Video.js 4.0 is more stable than its predecessors too, thanks to the use of automated cross-browser/device testing with a test suite that uses TravisCI, BunyIP and Browserstack. There is also a new plugin interface for extending Video.js, modelled on jQuery's plugins, with a wiki page listing the available plugins. The improved performance, which includes an 18% reduction in code size, means the player can load within 50 milliseconds and start video playback within 0.5 seconds with a CDN-hosted MP4 file. The new default skin that is simpler and more polished also uses font icons to make it more easily customisable.

The accessibility features mean that keyboard only, screen reader, and voice-interface users of Video.js will be able to interact with the player. The work was done by Greg Kraus of NC State University who goes into more detail in his own blog post. Other changes include a move to a pure JavaScript toolset, removing Video.js's reliance on Ruby for development tools, and bringing in Grunt to manage task running. The Video.js web site has also been open sourced for developers to fork and modify as needed.

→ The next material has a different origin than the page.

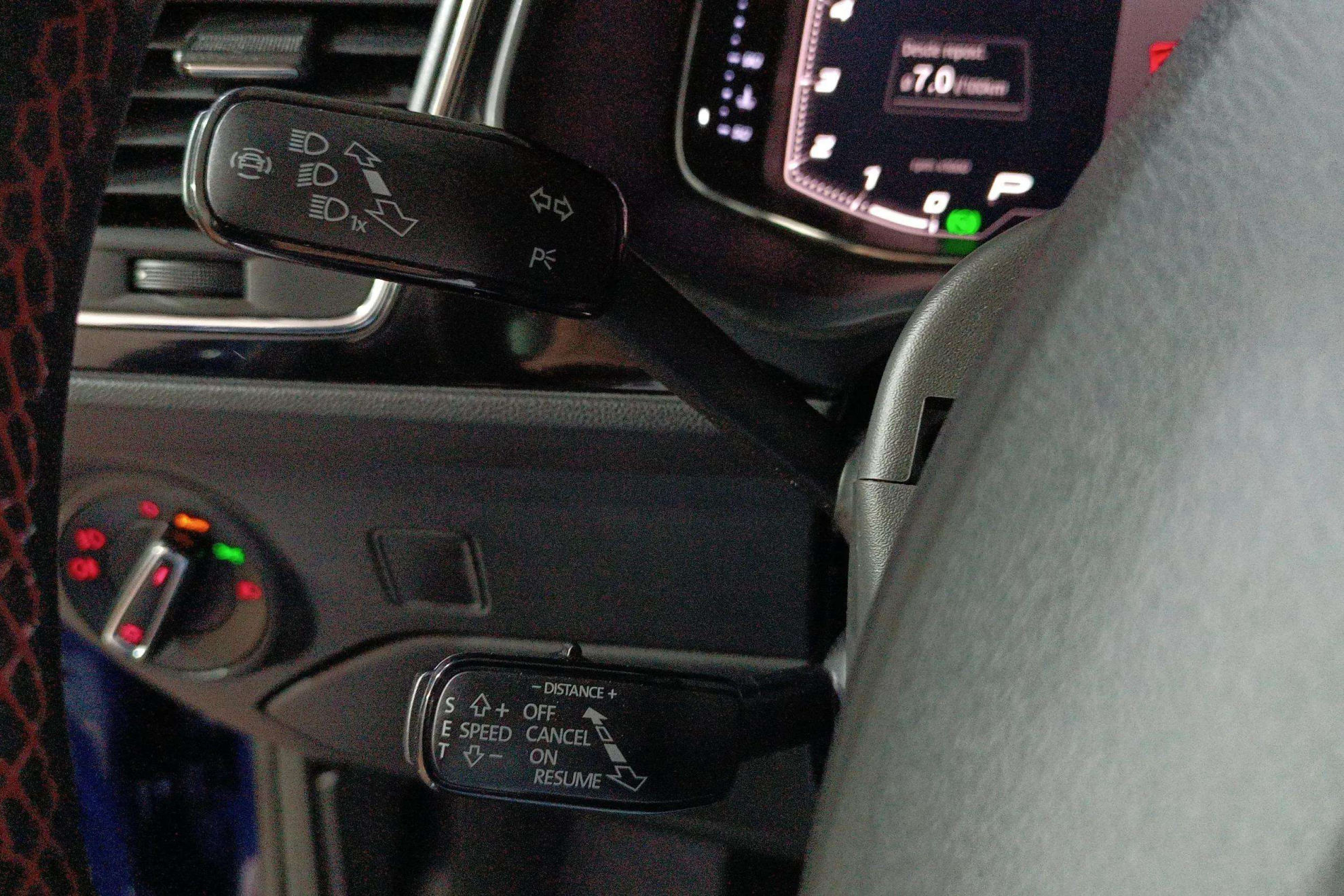SEAT León 2.0 TDI DSG-7 FR Fast Edition - foto 15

The switch from LGPLv3 to Apache is, says Heffernan, because of confusion between the LGPL and GPL; the project has, for clarity, switched to the Apache licence so it can be "open and free to use in all contexts". He notes that this 4.0 release is "simply a jumping off point" and that in the coming year there will be more improvements to performance, multi-platform stability and customisation, such as contributed plugins for features like playlists, analytics and advertising.

Developers interested in working on Video.js can consult the Contributing guide and will find the project's code hosted on on GitHub. Web designers who want to use Video.js should consult the Getting Started guide on how to deploy the software.